From: Steven Rostedt <rostedt@goodmis.org>

According to the comments in include/linux/sched.h

/*
* Priority of a process goes from 0..MAX_PRIO-1, valid RT
* priority is 0..MAX_RT_PRIO-1, and SCHED_NORMAL tasks are
* in the range MAX_RT_PRIO..MAX_PRIO-1. Priority values
* are inverted: lower p->prio value means higher priority.
*
* The MAX_USER_RT_PRIO value allows the actual maximum
* RT priority to be separate from the value exported to
* user-space.  This allows kernel threads to set their
* priority to a value higher than any user task. Note:
* MAX_RT_PRIO must not be smaller than MAX_USER_RT_PRIO.
*/

This makes it look like the priority goes as follows:

prio: 0 .. MAX_RT_PRIO .. MAX_USER_RT_PRIO .. MAX_PRIO

where 0 is of highest priority

but in reality we have:

prio: 0 .. MAX_USER_RT_PRIO .. MAX_RT_PRIO .. MAX_PRIO

The comments say that MAX_RT_PRIO must not be smaller than
MAX_USER_RT_PRIO, but if it is bigger (thinking bigger means greater
than) then the system will crash on a SMP machine.
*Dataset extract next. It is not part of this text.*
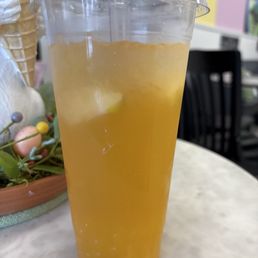Lemonade peach with mango pearls Lemonade peach with mango pearls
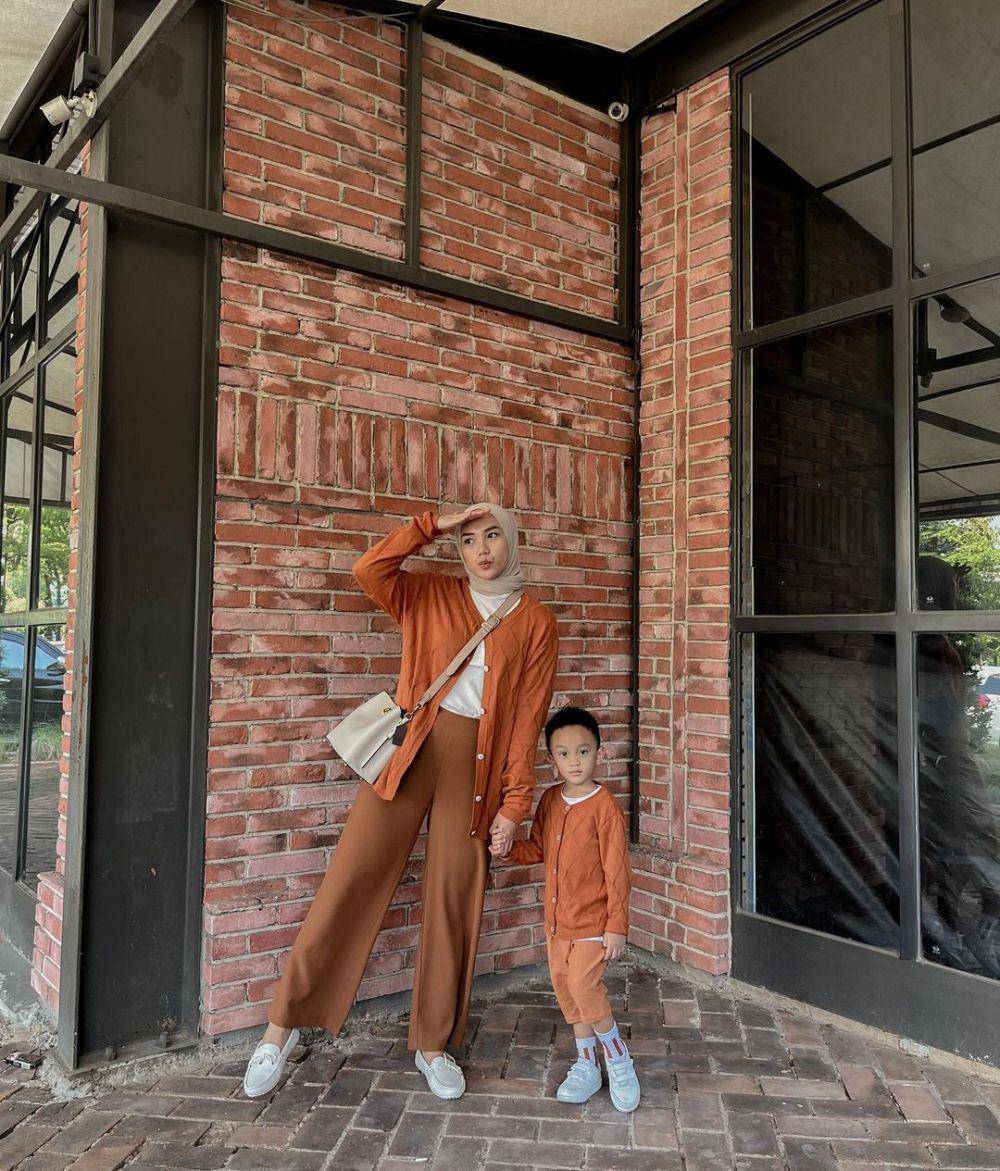 gaya busana simpel ala Ranie Dwi Karlina (instagram.com/raniekarlina)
Here's how it works.  The migration_thread sets the priority of its
thread to MAX_RT_PRIO-1 via:

__setscheduler(p, SCHED_FIFO, MAX_RT_PRIO-1);

Now looking at __setscheduler

static void __setscheduler(struct task_struct *p, int policy, int prio)
{
        BUG_ON(p->array);
        p->policy = policy;
        p->rt_priority = prio;
        if (policy != SCHED_NORMAL)
                p->prio = MAX_USER_RT_PRIO-1 - p->rt_priority;
        else
                p->prio = p->static_prio;
}

If we have MAX_USER_RT_PRIO = 99 and MAX_RT_PRIO = 100 then we would get

  p->prio = 99-1 - 100-1 = -1;

This would be very bad when it comes time to schedule.  Not to mention
that kstop_machine uses MAX_RT_PRIO and then calls
sys_sched_setscheduler, which would fail if MAX_RT_PRIO >
MAX_USER_RT_PRIO. Below is a patch that makes MAX_RT_PRIO work if it is
greater than MAX_USER_RT_PRIO on a SMP machine.  The p->mm is to allow
kstop_machine to work and any other kernel threads.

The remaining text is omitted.